Avez-vous déjà entendu parler des répétitions partielles (ou de l’amplitude partielle, les deux se disent) ?

Il y a quelques années, j’avais sorti une vidéo sur ce sujet où je parlais d’amplitude active. On aura l’occasion d’y revenir dans cet article, vous verrez, mais aujourd’hui, j’aimerais aborder la question un peu différemment.

Je suis sûr que vous avez tous déjà vu un gars ou une fille à la salle faire des squats avec une toute petite amplitude, et que vous vous êtes dit : « Mais qu’est-ce qu’il fout lui ? », en pensant qu’il avait sûrement mis un peu trop lourd.

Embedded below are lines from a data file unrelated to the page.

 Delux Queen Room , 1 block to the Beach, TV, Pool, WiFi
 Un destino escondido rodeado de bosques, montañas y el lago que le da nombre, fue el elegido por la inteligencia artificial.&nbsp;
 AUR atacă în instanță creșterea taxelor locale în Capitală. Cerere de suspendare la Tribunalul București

Les égos lifteurs, on vous voit !

Et puis bon, entre nous, on ne va pas se mentir, mis à part les amplitudes partielles de feignants, on aime tous faire de l’amplitude réduite, parce qu’on a la sensation d’avoir une meilleure congestion ensuite.

Mais ça, c’est OK.

Cependant, on pourrait se demander si c’est vraiment une méthode efficace pour prendre du muscle et éventuellement gagner en force (études scientifiques à la clé).

C’est ce qu’on va voir dans cet article. Lisez bien jusqu’à la fin pour avoir mes recommandations en fonction de votre objectif et de votre niveau.

Comment ça marche ?

Les facteurs de la croissance musculaire

OK, avant d’aller plus loin, je pense qu’une petite révision s’impose parce que ça va nous servir par la suite.

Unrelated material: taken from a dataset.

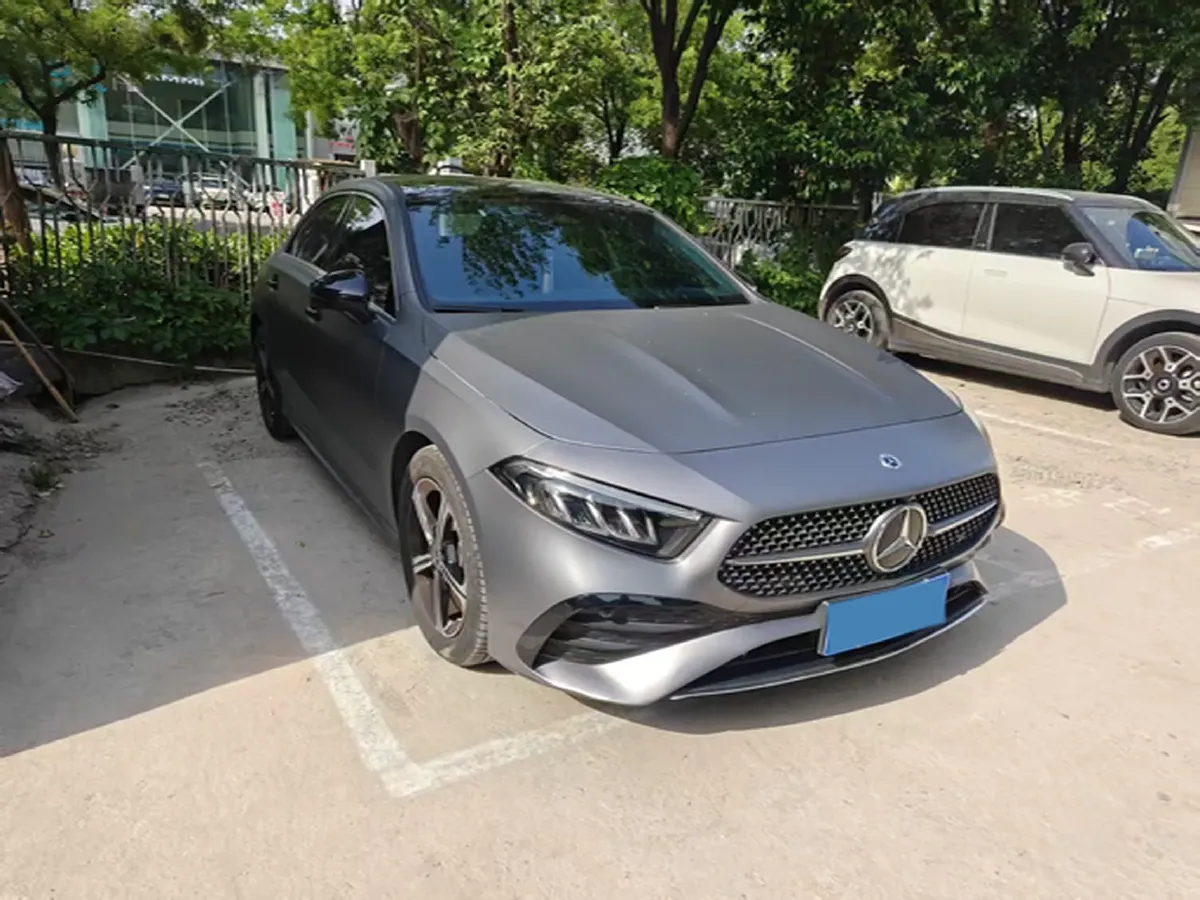 2024 Mercedes-Benz A Class 1.3T 163HP L4 7DCT,autocango,china used car exporter,china ev exporter,chinese used car exporter,chinese used ev exporter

Le facteur principal de croissance musculaire, c’est la tension mécanique.

À ça, on pourrait rajouter de stress métabolique et même le temps sous tension, même si leur influence sur la prise de muscle est encore un peu méconnue et même parfois discutable.

La tension mécanique : ce sont littéralement les contraintes physiques auxquels les fibres musculaires sont soumises pendant un effort qui nécessite la production de force.

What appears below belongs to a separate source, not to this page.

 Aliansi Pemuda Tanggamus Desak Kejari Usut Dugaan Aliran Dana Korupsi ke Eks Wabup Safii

La production de force sur le terrain s’illustre par la contraction des fibres musculaires pour résister, justement, à cette contrainte.

Le temps sous tension : c’est la durée pendant laquelle vos fibres musculaires sont soumises à une contrainte.

Il semblerait que, pour l’hypertrophie, il faudrait respecter un temps sous tension donné, même si les recommandations sont assez floues et ne prennent pas toujours en compte toute l’équation de la croissance musculaire.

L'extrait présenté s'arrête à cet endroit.